# New Halloween Mask "Not Quite Dead"



## Great Pumpkin (Feb 21, 2011)

Another project I have been working on. he will be a wearable Halloween mask . We call him Not Quite Dead. Hope you like him.


----------



## the count (Jul 16, 2011)

the eyes and teeth are way cool


----------



## RoxyBlue (Oct 6, 2008)

He looks like a villain straight out of the imagination of Charles Dickens or Washington Irving. Nice job!


----------



## Great Pumpkin (Feb 21, 2011)

Thank you guys!


----------



## Spooky1 (Aug 25, 2008)

I like him. He looks quite happy (or is that an insane grin) for a guy with a massive head wound.


----------



## Great Pumpkin (Feb 21, 2011)

Both! LOL! Thanks for the compliments everyone!


----------



## kprimm (Mar 14, 2009)

Cool, another great sculpting job and cool character. You just need to start your own mask company now.

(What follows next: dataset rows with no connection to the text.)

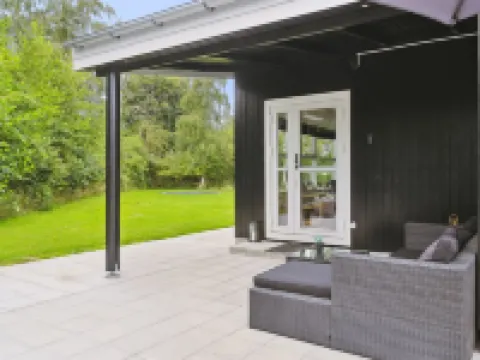 "Merilin" - 300m from the Sea Hoteles en Idestrup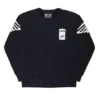 Sweat-shirt Boy à imprimé « Tape Eagle » dans le dos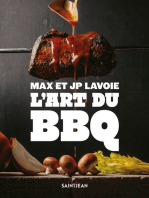 L' Art du BBQ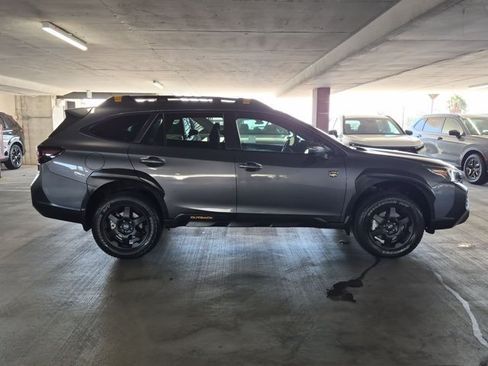 Used 2025 Subaru Outback Wilderness w/ Wilderness Package AWD/4WD image 4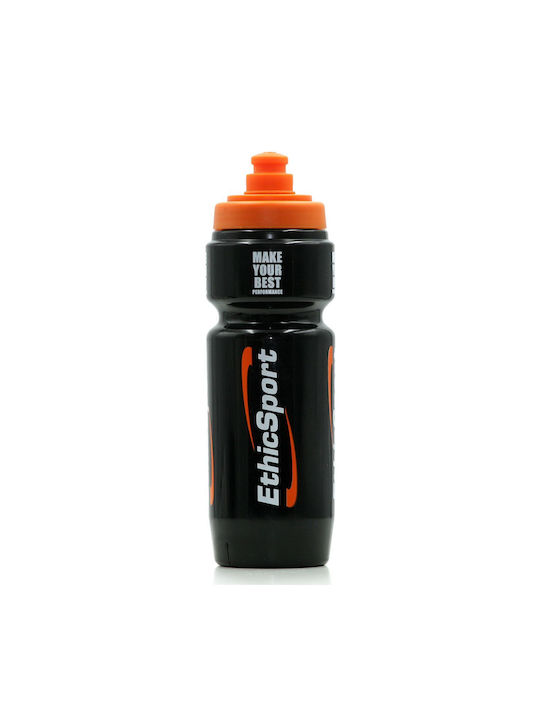 EthicSport Borraccia 15-107 Sportiv Sticlă de apă Plastic 800ml Negru
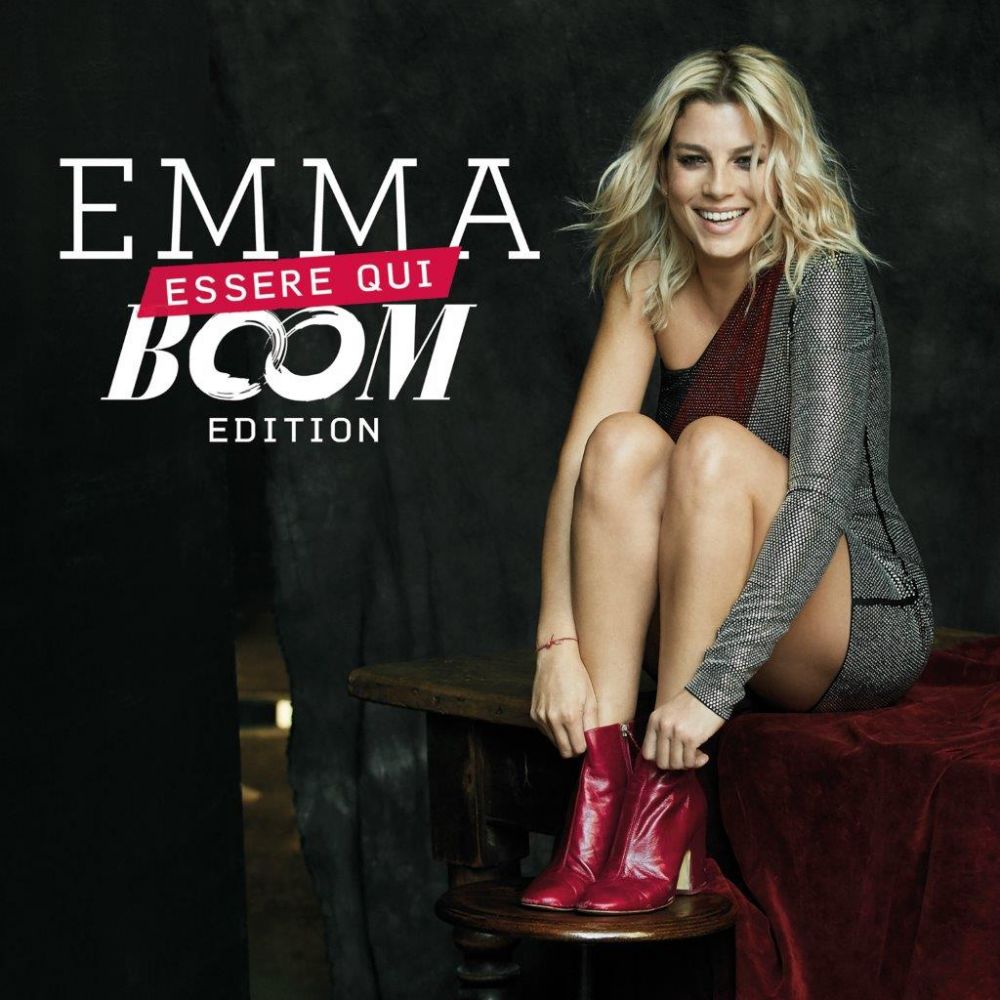 EMMA: è online da oggi il video di "MONDIALE", brano che anticipa “Essere Qui - B∞M EDITION”.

Heres your tag line " cover your lumpkin with a mask from great pumpkin".


----------



## Headless (Sep 4, 2011)

Nice job!


----------



## fontgeek (Jul 24, 2006)

Would the wearer of the mask be able to see out?
Those eyes look fairly opaque.


----------



## Great Pumpkin (Feb 21, 2011)

kprimm said:


> Cool, another great sculpting job and cool character. You just need to start your own mask company now. Heres your tag line " cover your lumpkin with a mask from great pumpkin".


Thanks Kprimm. I was going to make my own website soon.


----------



## Great Pumpkin (Feb 21, 2011)

fontgeek said:


> Would the wearer of the mask be able to see out?
> Those eyes look fairly opaque.


Yes the eye hole are slit above the eyes. majority of professional mask makers do it the same way.


----------



## CreeepyCathy (Mar 28, 2009)

awesome... as always.


----------